At long last, journalism schools are changing what they teach in order to better prepare students for the media world that awaits them. This fall, the University of North Carolina will launch what it calls a “new curriculum for a new century.” Journalism majors will still take required courses in news writing, ethics and law, but they’ll also have to take a course in audio-video information gathering.
Current UNC student Andrew Dunn says that’s a great start but it’s not enough:
What’s more important is that online concepts are effectively integrated with the standard core courses. With what I’ve seen with the J-school, that won’t be easy. Only a few professors have any clue about the Interwebs.
Complaints about clueless professors are nothing new.

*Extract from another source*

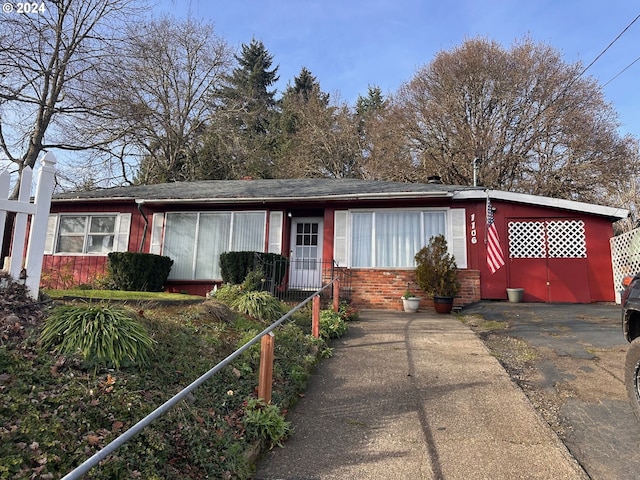 1106 N Myrtle Rd, Myrtle Creek, OR 97457 - view of front of house featuring brick siding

But a revamped curriculum should put them on notice that they’d better get up to speed, fast.
Columbia’s J-school is also revamping this fall, amid what New York Magazine calls an existential crisis over a “digitally focused curriculum designed to make all students as capable of creating an interactive graphic as they are of pounding out 600 words on a community-board meeting.”
…the push for modernization has also raised the ire of some professors, particularly those closely tied to Columbia’s crown jewel, RW1. “F*** new media,” the coordinator of the RW1 program, Ari Goldman, said to his RW1 students on their first day of class, according to one student. Goldman, a former Times reporter and sixteen-year veteran RW1 professor, described new-media training as “playing with toys,” according to another student, and characterized the digital movement as “an experimentation in gadgetry.”
Sounds like the new media-old media divide is alive and well at Columbia. But as the magazine points out, “The real issue, of course, isn’t whether the school can afford to change, but that it can’t afford not to.”